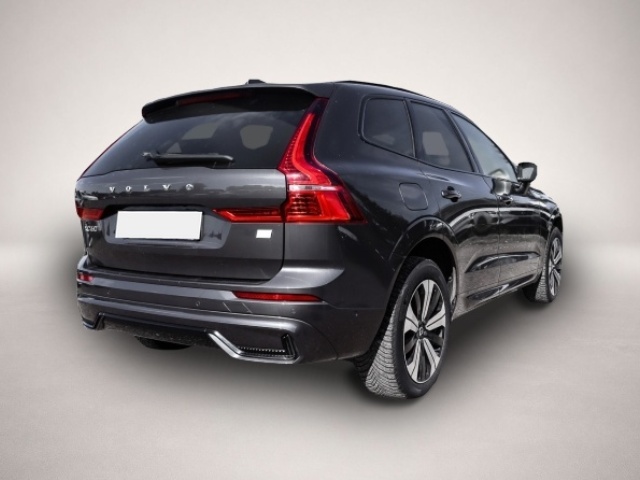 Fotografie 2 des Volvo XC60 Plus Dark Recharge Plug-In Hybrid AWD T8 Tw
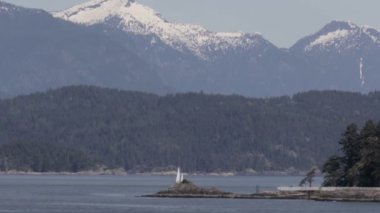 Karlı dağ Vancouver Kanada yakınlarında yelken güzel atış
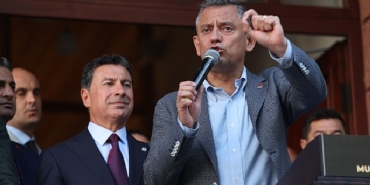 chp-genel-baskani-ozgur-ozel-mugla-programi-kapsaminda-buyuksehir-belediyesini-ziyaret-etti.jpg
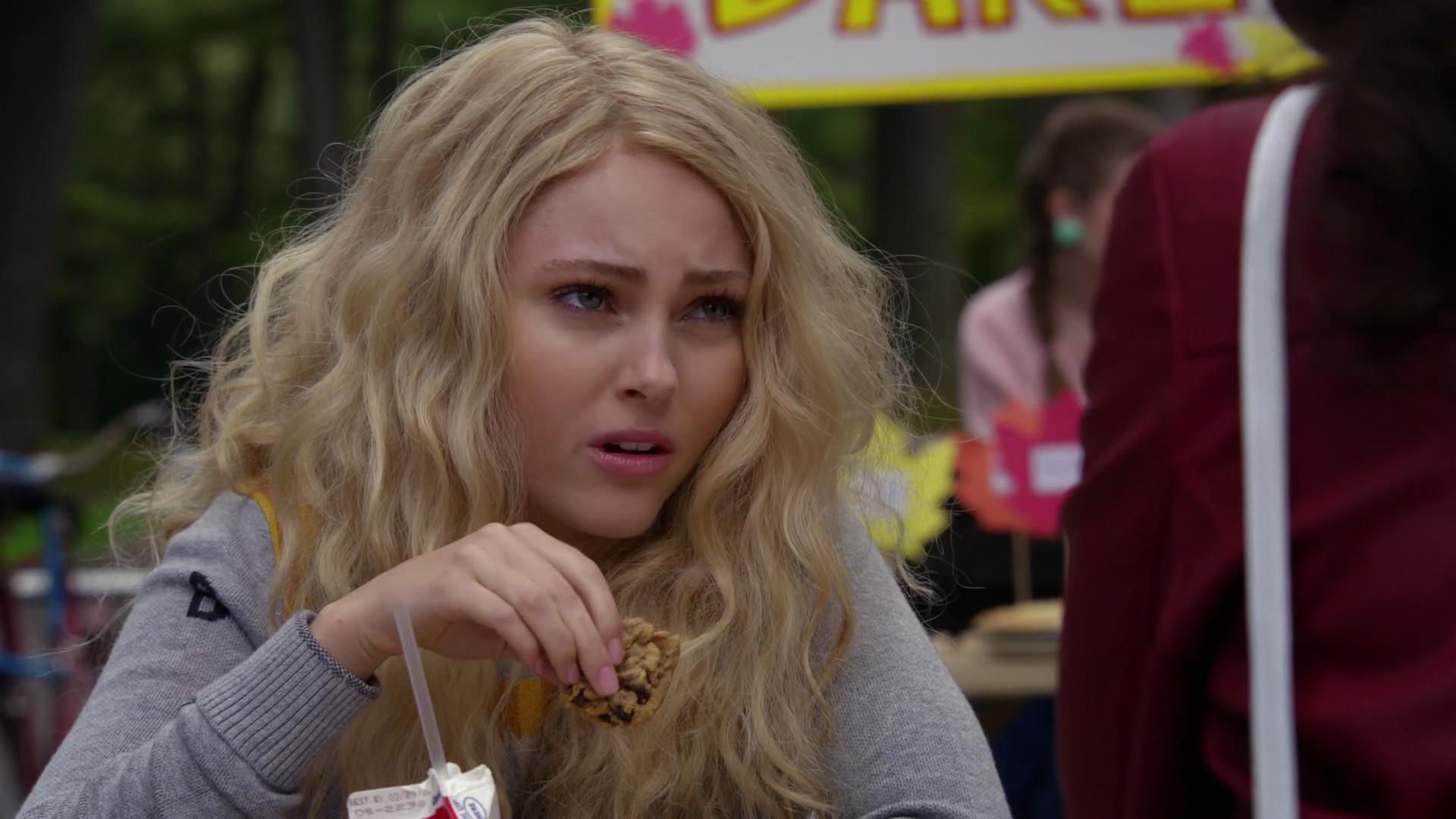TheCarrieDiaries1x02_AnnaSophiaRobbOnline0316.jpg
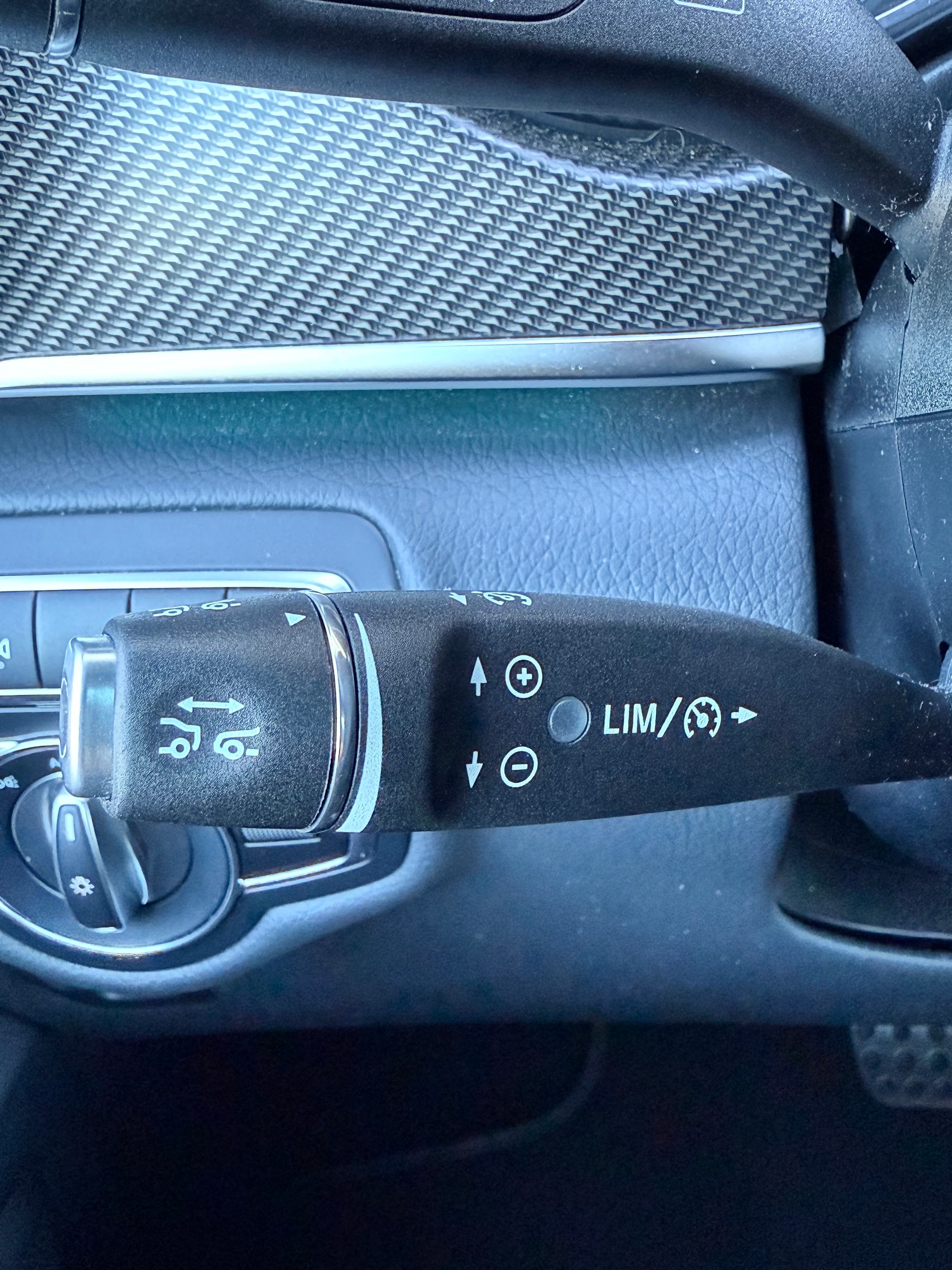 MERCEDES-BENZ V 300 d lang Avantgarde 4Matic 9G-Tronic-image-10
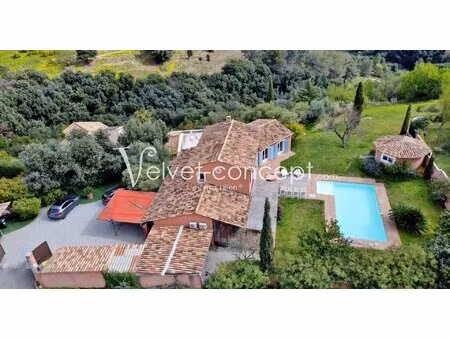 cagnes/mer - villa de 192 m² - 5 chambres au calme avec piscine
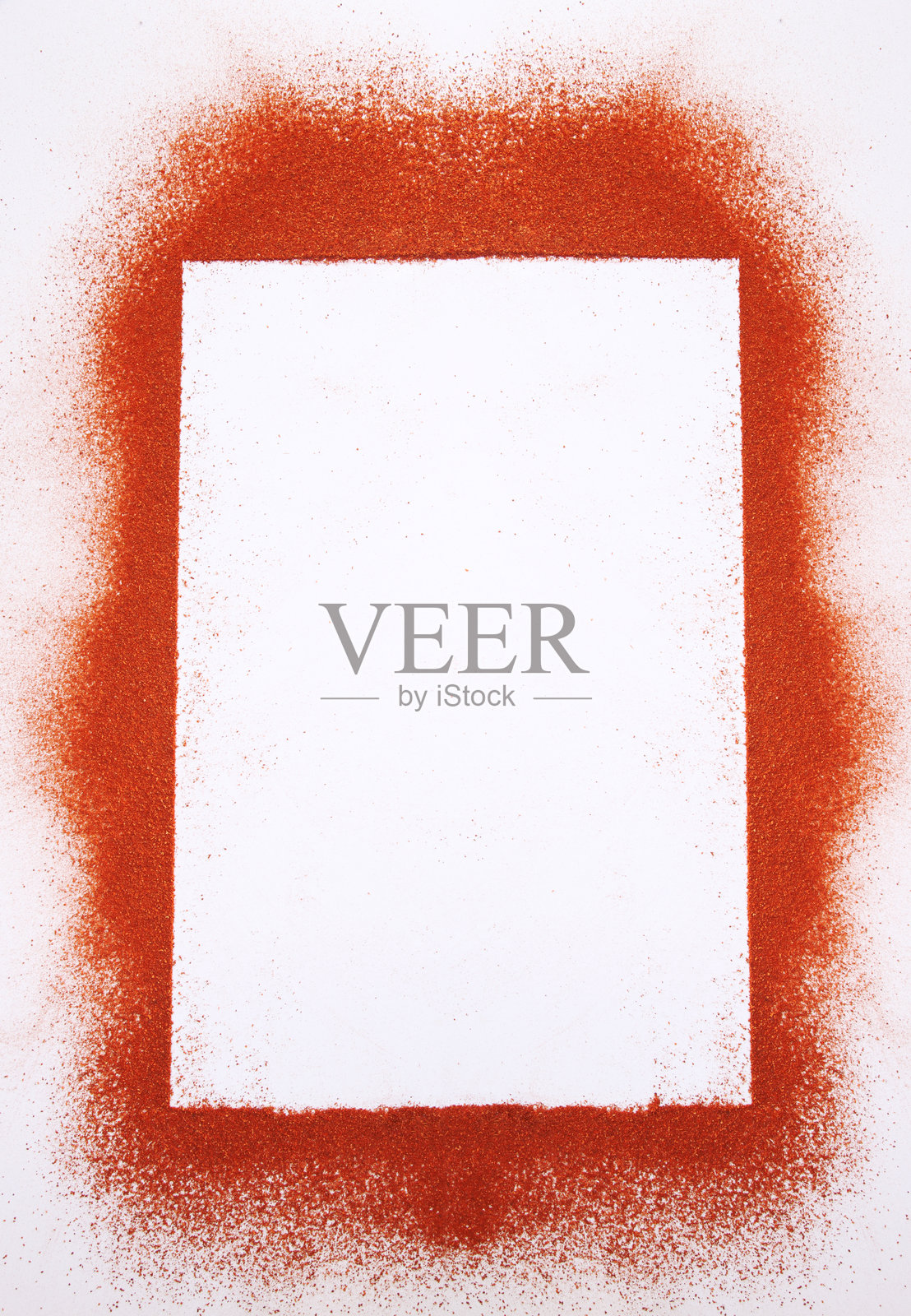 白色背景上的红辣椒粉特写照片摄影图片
--
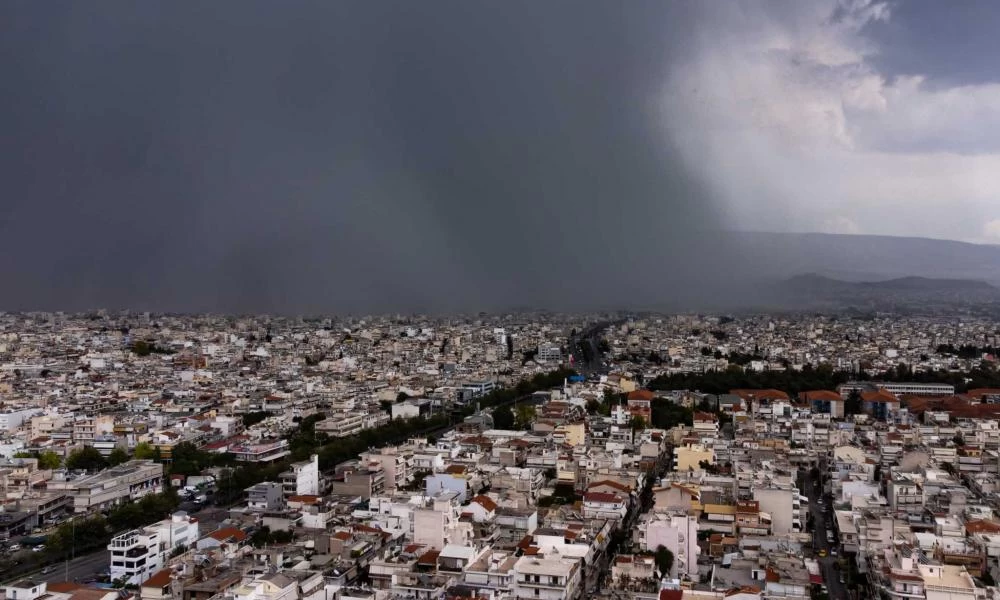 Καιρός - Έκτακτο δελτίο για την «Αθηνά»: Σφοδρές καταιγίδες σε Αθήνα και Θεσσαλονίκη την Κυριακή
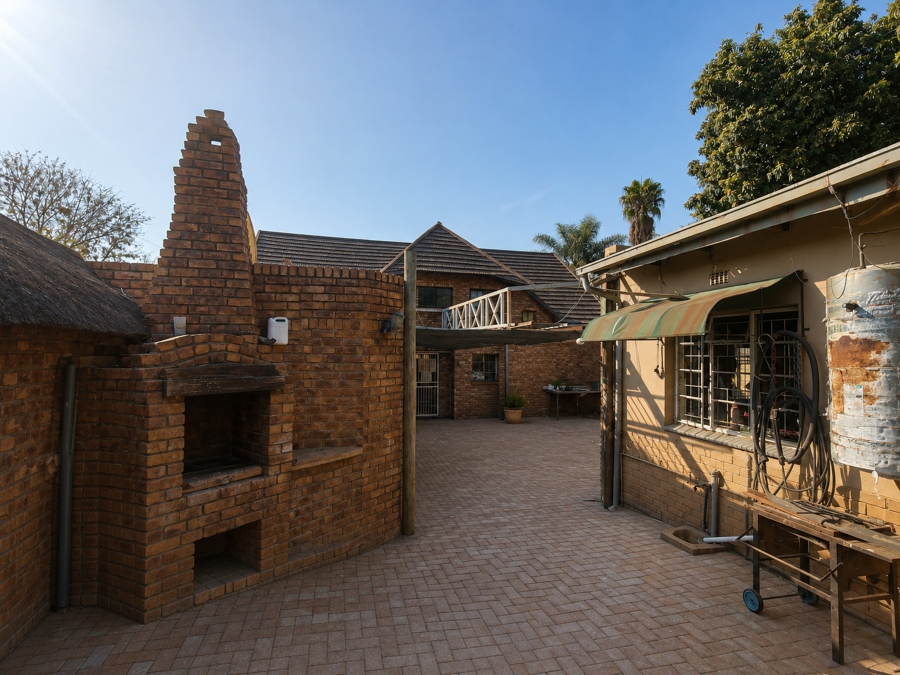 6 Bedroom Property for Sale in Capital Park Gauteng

Required action | Would you please reproduce the entries above, starting at the line with "cagnes/mer - villa" and stopping after the line with "白色背景上的红辣椒粉特写照片摄影图片"? Omit any pictures.

Your response |
 cagnes/mer - villa de 192 m² - 5 chambres au calme avec piscine
 白色背景上的红辣椒粉特写照片摄影图片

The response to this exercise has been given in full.